## What is expected
Write out each record exactly and skip every image.

======== Material to process ========

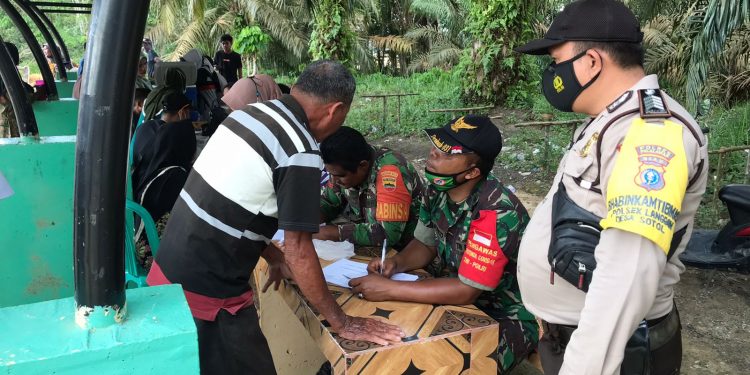 Polsek Langgam Gelar Vaksinasi di 4 Lokasi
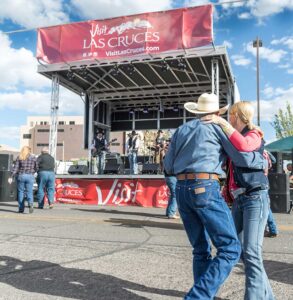 Couple dancing in the street in front of the APEX 2016 mobile stage at a Visit Las Cruces event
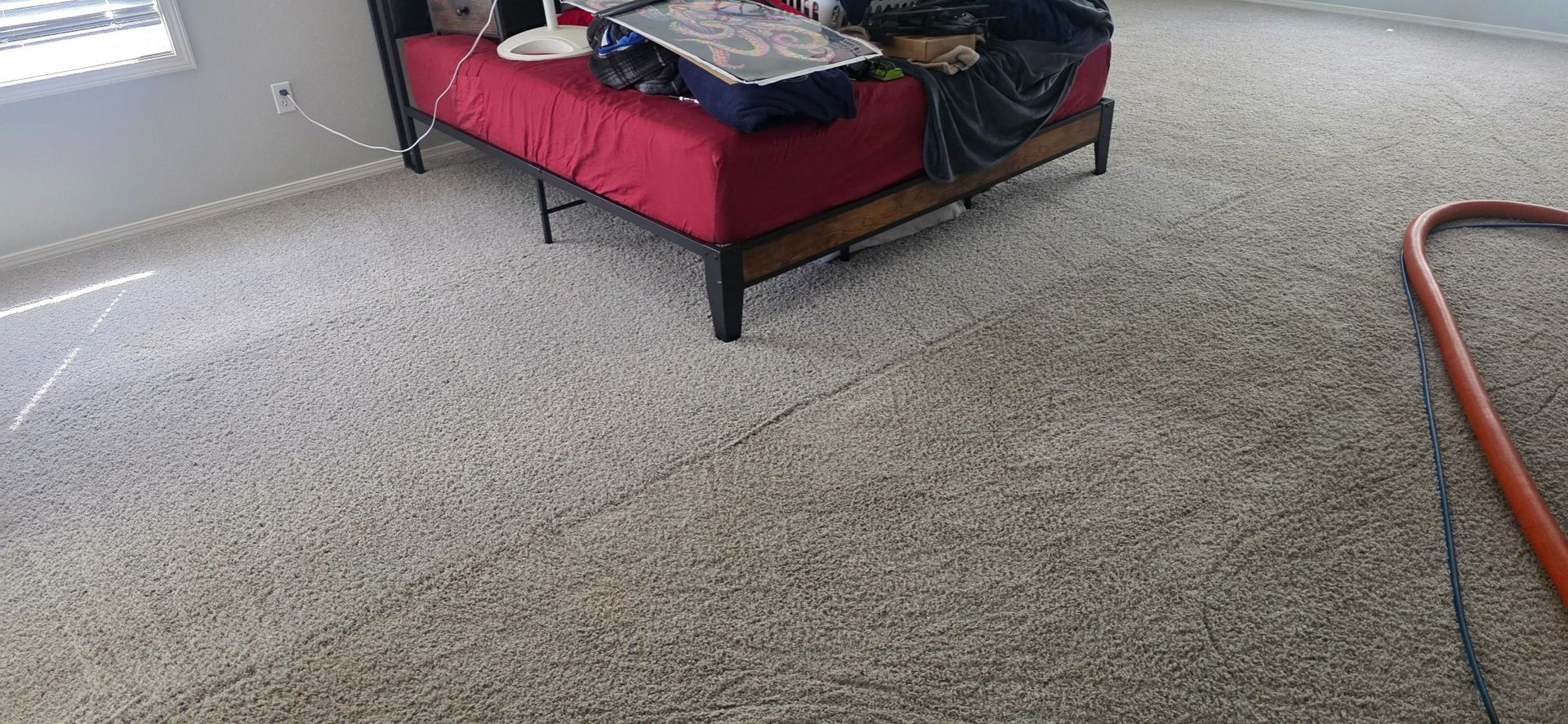 Living room carpet with a red daybed, patterned blanket, and an orange cord on the floor
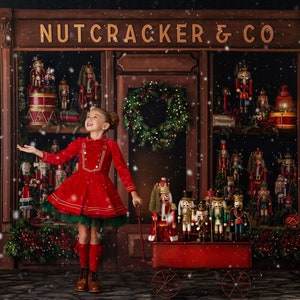 May include: A young girl in a red dress stands in front of a toy shop called "Nutcracker & Co." The shop is decorated with Christmas lights and greenery. The girl is holding a red wagon filled with nutcracker figurines. Snow is falling in the background.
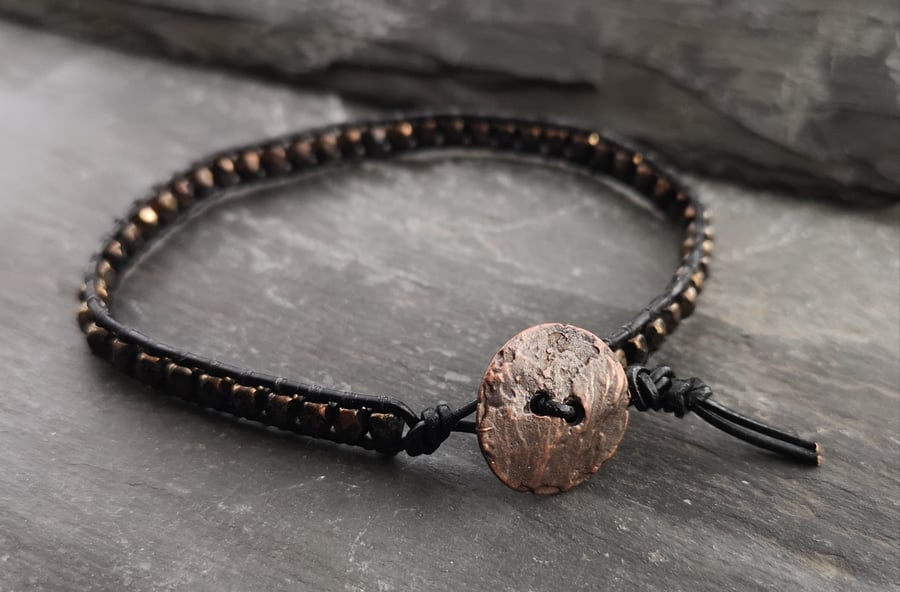 Black leather and glass bead bracelet with copper button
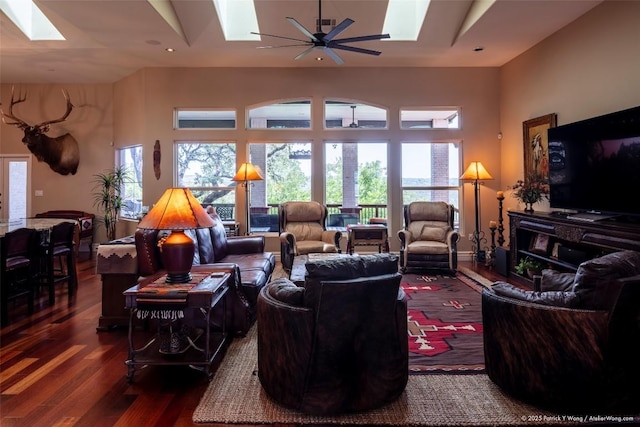 14305 Fallen Timber Dr, Austin, TX 78734 - living room featuring a skylight, dark wood finished floors, and a ceiling fan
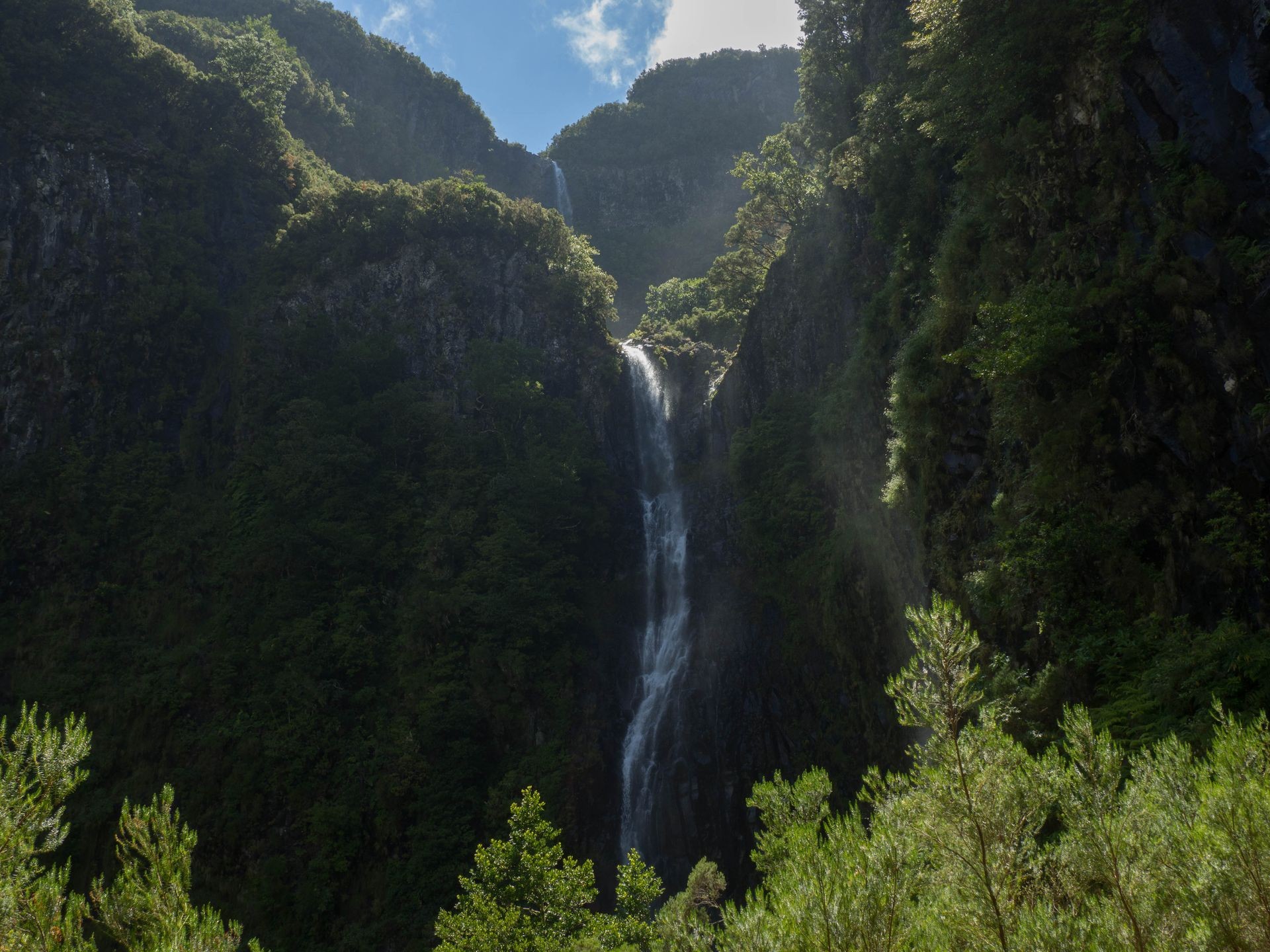 Tall waterfall cascading down a lush, green mountainside under a bright blue sky with scattered clouds.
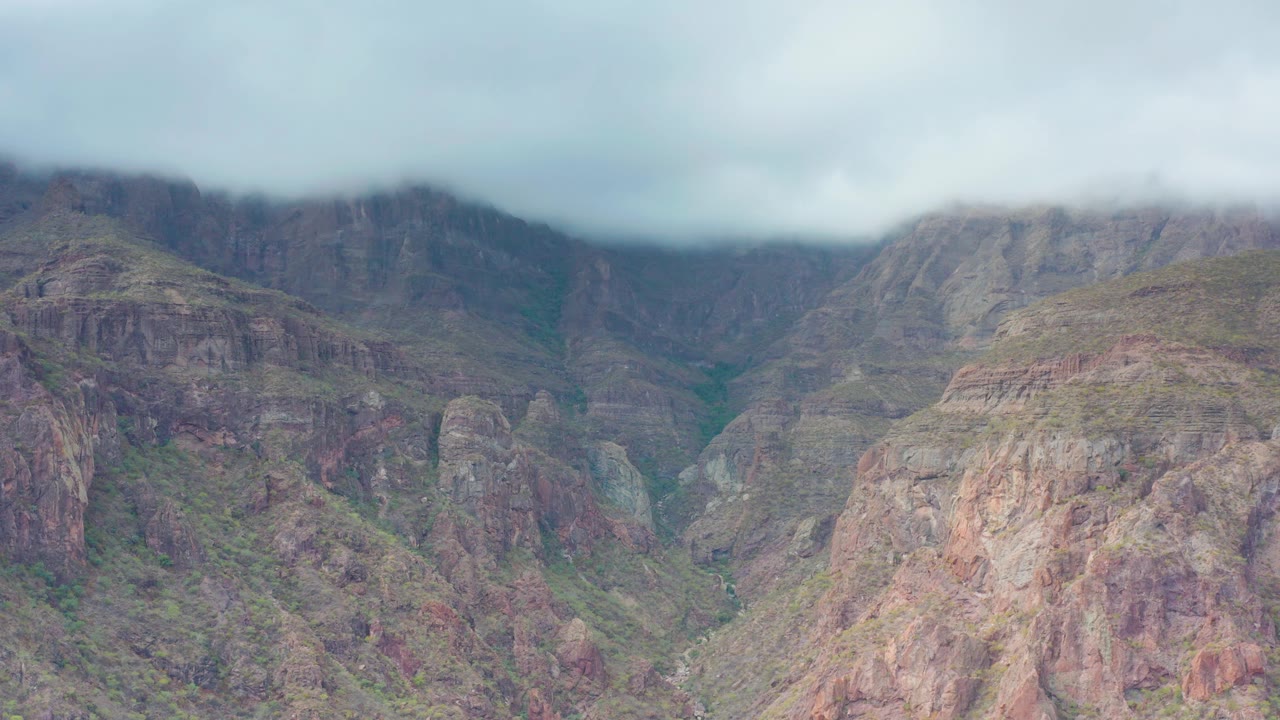 Puerto Escondido, Baja California Sur mountains with misty cloud cover softening the top of the cliffs, exposed brown rock faces, green ravine lines, and no visible people.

========

## Answer box
 Polsek Langgam Gelar Vaksinasi di 4 Lokasi
 Couple dancing in the street in front of the APEX 2016 mobile stage at a Visit Las Cruces event
 Living room carpet with a red daybed, patterned blanket, and an orange cord on the floor
 May include: A young girl in a red dress stands in front of a toy shop called "Nutcracker & Co." The shop is decorated with Christmas lights and greenery. The girl is holding a red wagon filled with nutcracker figurines. Snow is falling in the background.
 Black leather and glass bead bracelet with copper button
 14305 Fallen Timber Dr, Austin, TX 78734 - living room featuring a skylight, dark wood finished floors, and a ceiling fan
 Tall waterfall cascading down a lush, green mountainside under a bright blue sky with scattered clouds.
 Puerto Escondido, Baja California Sur mountains with misty cloud cover softening the top of the cliffs, exposed brown rock faces, green ravine lines, and no visible people.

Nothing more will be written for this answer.